Brief descriptive captions
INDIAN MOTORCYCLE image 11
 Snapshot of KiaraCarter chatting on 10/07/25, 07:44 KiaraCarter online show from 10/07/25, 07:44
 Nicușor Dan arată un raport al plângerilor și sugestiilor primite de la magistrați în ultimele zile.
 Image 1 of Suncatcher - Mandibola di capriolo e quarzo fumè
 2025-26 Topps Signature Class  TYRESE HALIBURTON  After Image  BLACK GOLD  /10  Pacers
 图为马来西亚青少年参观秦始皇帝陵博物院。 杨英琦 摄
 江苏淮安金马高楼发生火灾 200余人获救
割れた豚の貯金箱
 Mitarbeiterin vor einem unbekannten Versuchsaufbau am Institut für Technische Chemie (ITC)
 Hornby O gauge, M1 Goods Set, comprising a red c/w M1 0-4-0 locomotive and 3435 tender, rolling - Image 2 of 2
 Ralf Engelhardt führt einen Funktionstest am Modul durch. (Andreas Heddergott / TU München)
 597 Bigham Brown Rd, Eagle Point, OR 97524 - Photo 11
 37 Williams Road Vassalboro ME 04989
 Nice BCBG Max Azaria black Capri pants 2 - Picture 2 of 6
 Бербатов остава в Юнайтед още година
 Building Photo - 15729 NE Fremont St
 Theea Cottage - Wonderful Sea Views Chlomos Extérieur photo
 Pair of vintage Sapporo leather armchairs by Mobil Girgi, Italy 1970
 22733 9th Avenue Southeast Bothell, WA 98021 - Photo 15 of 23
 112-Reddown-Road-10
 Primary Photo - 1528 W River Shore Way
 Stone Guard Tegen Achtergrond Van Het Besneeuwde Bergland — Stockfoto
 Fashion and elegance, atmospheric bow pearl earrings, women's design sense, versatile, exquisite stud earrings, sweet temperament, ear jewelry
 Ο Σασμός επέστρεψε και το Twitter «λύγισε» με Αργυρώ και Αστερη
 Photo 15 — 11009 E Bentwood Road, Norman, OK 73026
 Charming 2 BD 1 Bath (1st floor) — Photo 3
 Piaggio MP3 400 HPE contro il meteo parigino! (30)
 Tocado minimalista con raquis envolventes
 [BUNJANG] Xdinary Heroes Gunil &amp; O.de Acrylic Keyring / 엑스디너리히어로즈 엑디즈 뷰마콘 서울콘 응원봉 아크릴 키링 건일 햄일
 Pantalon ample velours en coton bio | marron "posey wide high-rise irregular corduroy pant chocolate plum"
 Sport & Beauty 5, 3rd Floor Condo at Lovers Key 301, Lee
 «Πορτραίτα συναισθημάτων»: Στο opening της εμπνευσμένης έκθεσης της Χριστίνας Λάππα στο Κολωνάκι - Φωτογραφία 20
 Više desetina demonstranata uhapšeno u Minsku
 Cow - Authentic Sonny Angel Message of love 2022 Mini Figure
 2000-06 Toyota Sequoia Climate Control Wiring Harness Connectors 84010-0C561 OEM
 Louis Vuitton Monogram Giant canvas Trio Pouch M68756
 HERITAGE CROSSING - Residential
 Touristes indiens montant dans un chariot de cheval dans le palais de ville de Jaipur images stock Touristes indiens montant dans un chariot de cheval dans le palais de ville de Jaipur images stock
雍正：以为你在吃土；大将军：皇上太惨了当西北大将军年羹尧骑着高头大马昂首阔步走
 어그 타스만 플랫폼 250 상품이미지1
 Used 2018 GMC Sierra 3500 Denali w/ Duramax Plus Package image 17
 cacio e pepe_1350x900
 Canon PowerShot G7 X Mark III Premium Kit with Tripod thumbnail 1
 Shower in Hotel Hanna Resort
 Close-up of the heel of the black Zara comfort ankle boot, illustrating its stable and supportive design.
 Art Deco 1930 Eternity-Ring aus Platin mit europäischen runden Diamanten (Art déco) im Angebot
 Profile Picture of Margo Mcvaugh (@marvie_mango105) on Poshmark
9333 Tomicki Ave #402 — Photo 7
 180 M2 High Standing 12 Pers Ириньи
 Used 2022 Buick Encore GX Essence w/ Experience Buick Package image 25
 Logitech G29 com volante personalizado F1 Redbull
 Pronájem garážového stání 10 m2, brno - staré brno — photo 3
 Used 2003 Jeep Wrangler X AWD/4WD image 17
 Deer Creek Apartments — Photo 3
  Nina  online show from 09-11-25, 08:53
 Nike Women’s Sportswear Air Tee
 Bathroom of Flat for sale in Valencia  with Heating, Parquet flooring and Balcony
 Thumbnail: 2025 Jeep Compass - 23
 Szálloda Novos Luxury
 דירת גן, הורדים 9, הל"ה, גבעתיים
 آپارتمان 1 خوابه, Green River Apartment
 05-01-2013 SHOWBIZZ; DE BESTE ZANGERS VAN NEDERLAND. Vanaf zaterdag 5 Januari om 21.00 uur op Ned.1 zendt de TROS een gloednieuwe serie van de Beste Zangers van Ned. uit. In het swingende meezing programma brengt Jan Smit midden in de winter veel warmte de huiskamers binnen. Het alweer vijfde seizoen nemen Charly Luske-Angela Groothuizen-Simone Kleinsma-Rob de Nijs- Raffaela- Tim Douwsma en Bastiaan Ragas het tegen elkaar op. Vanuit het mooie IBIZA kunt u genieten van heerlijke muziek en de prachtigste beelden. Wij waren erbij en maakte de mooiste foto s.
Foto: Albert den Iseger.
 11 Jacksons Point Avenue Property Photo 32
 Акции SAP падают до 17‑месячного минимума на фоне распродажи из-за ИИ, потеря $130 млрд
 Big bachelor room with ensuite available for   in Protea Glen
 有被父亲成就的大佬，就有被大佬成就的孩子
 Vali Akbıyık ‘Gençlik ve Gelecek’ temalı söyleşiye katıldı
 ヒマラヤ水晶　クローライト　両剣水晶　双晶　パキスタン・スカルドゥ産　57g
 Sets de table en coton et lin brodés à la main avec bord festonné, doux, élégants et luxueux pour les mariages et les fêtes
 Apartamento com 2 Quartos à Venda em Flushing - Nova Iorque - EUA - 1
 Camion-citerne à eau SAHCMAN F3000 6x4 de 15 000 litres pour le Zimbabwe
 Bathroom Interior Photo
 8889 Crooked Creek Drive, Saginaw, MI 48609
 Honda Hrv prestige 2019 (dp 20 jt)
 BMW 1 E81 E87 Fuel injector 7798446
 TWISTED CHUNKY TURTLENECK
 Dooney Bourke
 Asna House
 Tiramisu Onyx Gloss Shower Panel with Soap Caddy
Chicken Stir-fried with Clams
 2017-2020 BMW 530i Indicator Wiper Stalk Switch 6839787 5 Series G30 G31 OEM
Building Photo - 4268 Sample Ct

■ **What the task requires**: Where the string "pour" turns up in a line of the data above, copy that whole line.

■ **Finished task**:
 Sets de table en coton et lin brodés à la main avec bord festonné, doux, élégants et luxueux pour les mariages et les fêtes
 Camion-citerne à eau SAHCMAN F3000 6x4 de 15 000 litres pour le Zimbabwe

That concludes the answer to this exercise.